_WHAT THE TASK REQUIRES_: Copy every line in the records below that contains the word "Front".

_ENTRIES SUPPLIED_:

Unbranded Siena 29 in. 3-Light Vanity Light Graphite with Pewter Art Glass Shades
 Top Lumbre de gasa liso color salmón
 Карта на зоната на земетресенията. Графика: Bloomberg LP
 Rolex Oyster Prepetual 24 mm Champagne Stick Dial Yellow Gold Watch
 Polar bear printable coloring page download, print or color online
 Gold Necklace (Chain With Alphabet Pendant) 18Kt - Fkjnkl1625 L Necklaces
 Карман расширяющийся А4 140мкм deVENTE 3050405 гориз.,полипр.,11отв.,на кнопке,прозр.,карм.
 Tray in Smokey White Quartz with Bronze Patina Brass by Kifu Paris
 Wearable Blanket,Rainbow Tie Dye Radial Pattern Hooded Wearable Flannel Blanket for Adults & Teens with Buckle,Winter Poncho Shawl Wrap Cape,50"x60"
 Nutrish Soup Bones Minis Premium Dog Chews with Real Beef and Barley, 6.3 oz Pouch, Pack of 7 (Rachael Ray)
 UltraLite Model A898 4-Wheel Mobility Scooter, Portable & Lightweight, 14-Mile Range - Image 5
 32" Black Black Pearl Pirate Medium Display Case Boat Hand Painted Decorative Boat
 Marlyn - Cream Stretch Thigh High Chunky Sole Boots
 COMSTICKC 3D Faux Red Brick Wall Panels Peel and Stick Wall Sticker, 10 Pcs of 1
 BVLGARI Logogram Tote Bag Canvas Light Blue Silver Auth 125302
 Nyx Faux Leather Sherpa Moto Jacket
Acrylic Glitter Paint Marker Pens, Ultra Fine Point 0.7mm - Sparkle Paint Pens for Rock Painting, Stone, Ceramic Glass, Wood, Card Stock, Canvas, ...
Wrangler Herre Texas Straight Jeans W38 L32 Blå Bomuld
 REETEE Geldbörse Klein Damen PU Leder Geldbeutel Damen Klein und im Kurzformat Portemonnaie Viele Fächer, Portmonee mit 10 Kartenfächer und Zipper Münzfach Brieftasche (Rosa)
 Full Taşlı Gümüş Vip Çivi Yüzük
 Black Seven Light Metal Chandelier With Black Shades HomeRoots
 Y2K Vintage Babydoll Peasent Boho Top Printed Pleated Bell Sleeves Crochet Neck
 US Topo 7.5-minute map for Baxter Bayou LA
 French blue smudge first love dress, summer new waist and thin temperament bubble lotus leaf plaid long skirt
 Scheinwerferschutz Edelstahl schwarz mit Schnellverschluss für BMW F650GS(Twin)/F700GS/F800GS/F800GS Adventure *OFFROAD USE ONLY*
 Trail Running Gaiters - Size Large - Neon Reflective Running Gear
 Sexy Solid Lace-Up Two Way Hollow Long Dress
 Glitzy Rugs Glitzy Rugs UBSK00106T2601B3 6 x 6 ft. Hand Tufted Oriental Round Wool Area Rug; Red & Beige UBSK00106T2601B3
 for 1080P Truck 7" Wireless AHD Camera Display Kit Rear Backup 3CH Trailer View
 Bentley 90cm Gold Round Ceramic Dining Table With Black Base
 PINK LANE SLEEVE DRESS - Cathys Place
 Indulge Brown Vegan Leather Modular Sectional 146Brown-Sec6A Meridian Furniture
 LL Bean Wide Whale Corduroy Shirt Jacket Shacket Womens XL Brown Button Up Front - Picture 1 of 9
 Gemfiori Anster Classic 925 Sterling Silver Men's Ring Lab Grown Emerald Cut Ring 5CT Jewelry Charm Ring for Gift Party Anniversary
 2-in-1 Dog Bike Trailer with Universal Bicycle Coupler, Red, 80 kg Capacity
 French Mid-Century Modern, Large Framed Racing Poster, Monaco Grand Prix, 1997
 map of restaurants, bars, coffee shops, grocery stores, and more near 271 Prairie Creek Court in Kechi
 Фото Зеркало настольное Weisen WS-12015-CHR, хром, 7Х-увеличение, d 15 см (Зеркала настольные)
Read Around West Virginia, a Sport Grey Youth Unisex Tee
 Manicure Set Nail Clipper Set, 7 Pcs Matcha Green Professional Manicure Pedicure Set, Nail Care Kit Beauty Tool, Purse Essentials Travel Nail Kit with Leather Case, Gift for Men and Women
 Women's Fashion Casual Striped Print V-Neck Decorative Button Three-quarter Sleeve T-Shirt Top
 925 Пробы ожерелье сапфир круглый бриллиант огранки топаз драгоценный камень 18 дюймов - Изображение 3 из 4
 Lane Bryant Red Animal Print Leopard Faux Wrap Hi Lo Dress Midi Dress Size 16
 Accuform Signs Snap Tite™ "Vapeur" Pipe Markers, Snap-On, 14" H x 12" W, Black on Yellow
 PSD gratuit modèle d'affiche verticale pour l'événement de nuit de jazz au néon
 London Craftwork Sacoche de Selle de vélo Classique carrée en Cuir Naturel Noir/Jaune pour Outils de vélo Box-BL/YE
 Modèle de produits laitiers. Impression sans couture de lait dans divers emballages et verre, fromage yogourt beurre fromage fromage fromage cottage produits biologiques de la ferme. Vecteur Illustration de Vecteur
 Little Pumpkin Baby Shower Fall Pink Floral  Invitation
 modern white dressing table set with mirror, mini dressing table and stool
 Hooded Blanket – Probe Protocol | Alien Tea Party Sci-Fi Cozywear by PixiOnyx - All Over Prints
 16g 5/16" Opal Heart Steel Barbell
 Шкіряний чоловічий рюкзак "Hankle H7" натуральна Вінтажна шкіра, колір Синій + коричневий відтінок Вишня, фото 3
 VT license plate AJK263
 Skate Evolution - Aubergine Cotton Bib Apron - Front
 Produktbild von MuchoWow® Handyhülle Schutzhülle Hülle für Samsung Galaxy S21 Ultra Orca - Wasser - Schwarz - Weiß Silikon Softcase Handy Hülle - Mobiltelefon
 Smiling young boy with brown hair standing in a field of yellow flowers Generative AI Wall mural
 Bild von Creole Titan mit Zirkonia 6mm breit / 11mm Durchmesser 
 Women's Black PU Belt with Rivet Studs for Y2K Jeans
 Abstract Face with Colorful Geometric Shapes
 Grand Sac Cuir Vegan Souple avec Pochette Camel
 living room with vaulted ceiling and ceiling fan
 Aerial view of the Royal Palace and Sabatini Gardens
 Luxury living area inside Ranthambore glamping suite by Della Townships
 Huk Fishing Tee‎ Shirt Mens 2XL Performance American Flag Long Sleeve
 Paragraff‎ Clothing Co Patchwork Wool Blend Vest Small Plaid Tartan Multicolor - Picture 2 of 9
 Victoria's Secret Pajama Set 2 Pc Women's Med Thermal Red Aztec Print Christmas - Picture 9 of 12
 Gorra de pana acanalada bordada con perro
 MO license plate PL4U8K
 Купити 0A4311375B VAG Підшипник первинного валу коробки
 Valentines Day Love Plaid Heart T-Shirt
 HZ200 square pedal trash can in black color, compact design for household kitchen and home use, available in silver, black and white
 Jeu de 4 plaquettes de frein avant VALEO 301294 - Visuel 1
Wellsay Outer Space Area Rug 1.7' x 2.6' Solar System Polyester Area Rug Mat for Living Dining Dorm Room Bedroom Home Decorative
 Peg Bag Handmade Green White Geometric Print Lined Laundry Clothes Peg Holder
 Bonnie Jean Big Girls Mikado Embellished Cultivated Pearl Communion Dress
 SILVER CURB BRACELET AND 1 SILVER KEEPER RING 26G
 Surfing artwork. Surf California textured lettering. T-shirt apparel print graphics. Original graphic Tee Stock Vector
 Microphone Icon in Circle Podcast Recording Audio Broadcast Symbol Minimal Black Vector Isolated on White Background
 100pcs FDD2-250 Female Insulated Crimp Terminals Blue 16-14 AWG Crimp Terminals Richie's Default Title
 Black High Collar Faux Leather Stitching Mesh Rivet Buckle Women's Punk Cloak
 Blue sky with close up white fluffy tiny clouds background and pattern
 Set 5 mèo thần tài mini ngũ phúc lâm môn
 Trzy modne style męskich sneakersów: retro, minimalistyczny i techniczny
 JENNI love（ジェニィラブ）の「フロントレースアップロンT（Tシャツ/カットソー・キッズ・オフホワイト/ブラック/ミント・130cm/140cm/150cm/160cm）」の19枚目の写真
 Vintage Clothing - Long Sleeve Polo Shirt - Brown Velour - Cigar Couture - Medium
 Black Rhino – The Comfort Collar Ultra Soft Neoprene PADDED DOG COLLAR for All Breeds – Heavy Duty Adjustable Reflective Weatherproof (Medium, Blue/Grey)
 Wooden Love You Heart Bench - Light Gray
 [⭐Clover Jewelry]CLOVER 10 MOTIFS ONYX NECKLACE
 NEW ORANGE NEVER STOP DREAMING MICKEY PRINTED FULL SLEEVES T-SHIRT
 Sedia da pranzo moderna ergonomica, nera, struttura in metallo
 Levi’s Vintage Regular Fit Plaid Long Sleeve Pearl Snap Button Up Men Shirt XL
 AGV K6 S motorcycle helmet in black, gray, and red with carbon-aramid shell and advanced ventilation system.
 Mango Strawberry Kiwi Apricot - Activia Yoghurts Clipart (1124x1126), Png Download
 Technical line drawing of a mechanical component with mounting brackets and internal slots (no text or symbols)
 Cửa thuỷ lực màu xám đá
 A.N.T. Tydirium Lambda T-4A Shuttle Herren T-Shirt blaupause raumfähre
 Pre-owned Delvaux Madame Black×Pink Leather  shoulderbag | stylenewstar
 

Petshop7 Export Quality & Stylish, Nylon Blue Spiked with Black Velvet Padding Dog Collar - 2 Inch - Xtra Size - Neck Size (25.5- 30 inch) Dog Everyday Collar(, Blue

_RESPONSE_:
 LL Bean Wide Whale Corduroy Shirt Jacket Shacket Womens XL Brown Button Up Front - Picture 1 of 9
 Skate Evolution - Aubergine Cotton Bib Apron - Front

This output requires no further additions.